Но концепция утилитарности, насколько бы рано она не привязала себя к культу, всегда являлась второстепенной, а также не способной привнести ничего к пониманию истоков актов культа. Чем активней ее выдвигают на передний план, тем значительней становится дистанция между ритуалом и его истинным, первоначальным смыслом. Там, где царит понятие корысти, акты культа становятся абсолютно поверхностными. Этот естественный факт был неверно истолкован и преподнесен учеными, которые ошибочно приняли конечный продукт за стадию его зарождения. В то же время, простые древние традиции, которые ученые презрительно игнорируют, заслуживают куда большего уважения. Эти традиции ведут культ обратно частично к прямому контакту с божествами и сущностями, которые однажды проявились во плоти, и частично — к происшествиям высшего порядка, память о которых и призваны хранить практики культа. Они помещают, таким образом, великое событие в начало, и в этом смысле полностью отвечают истинной природе создания культа.
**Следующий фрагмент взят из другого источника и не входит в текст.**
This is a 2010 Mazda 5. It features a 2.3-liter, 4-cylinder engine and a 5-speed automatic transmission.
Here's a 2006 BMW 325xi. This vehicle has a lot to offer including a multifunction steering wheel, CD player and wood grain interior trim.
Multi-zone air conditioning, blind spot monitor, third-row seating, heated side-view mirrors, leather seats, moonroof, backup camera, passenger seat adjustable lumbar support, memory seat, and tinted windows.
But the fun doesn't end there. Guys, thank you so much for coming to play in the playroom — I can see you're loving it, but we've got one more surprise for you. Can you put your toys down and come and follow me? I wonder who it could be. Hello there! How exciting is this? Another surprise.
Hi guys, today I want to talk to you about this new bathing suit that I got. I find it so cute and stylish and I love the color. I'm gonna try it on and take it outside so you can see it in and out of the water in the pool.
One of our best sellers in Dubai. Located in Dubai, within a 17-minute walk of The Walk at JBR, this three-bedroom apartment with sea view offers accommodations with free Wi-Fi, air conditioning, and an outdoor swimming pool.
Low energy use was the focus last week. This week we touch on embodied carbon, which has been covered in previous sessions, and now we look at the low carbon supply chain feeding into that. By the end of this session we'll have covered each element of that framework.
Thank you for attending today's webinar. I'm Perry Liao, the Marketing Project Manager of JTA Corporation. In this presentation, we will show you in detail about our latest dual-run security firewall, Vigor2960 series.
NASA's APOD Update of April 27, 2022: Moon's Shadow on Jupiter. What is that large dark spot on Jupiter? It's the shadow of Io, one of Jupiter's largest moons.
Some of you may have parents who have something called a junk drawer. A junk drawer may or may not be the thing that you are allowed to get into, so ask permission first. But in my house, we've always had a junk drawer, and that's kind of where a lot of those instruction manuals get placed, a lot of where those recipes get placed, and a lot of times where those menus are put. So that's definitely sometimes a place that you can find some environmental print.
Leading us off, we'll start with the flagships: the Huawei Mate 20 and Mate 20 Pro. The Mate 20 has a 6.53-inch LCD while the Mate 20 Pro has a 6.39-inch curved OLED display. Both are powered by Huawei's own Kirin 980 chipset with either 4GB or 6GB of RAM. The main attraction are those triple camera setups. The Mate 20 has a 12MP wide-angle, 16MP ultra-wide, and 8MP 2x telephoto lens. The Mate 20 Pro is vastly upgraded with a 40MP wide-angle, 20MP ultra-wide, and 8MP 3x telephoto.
Независимо от того, что именно воплотило культ в жизнь, он обязательно должен быть таким, чтобы ни одна форма не подходила ему лучше, чем та история, которую мы находим в традиции. Должно было произойти что-то поистине великое, некое откровение, обладающее такой чудесной силой, что человеческое общество превратило себя в его живой памятник, добровольно отдавшись святому экстазу бытия всецело и ставши выражением и ответом на трансцендентное.
То, что было обозначено выше в общих чертах, можно (и нужно) проиллюстрировать многочисленными примерами. Сейчас же, однако, достаточно будет упомянуть всего о нескольких примерах, которые удивительно любимы современной наукой, а затем, наконец, указать на те, что открыто им противоречат.
Существовал очень давний ритуал искупления и очищения, широко распространённый в древнем мире. Он заключался в том, что одного или двоих людей вели через весь город, после чего этих людей убивали за пределами города, а их тела — полностью уничтожали.
Согласно современной интерпретации, это чудовищное действие должно быть порождено тем же практическим мышлением, которое порождает все методы, благодаря которым человек (даже сегодня) очищает свое тело и свое окружение. Другими словами, человек якобы считал, что опасность «цепляется» за человеческое существо как внешняя нечистота, и поэтому удалить ее можно также просто, как и грязь с нашего тела.
«Фармакоса водили по всему городу, чтобы он поглотил все миазмы. Затем его убивали и сжигали, или же отправляли за границу страны подобно тому, как при уборке используют тряпку, которую затем выбрасывают. Это несложно и понятно»23. Торжественный древний обряд начинает казаться настолько понятным современному ученому тогда, когда он начинает думать, что видит в нем тот же ход мыслей, которым мы пользуемся в повседневной жизни. В случае, который мы имеем перед собой, несоответствие между самим действием и процессом мышления, который приписывают его появлению, настолько велико, что наивная самоуверенность современного разума должна поразить нас едва ли не больше, чем так называемые суеверия «примитивного» человека.
Не смотря на фрагментарную природу исходного материала, величие первоначального действия все еще проявляется достаточно ясно. Избранного бичевали ветками, как если бы его благословляли, а его шествие сопровождалось игрой флейт. Он был одет в священные одеяния и носил венок из священных растений. До проведения ритуала его кормили за общественный счет особо чистыми продуктами. Все празднование совершалось отчасти в связи с особыми обстоятельствами, во времена свирепствования чумы, и отчасти на регулярной основе в то время, когда созревал урожай. Было бы слишком безрассудно пытать интерпретировать все детали совершаемого обряда.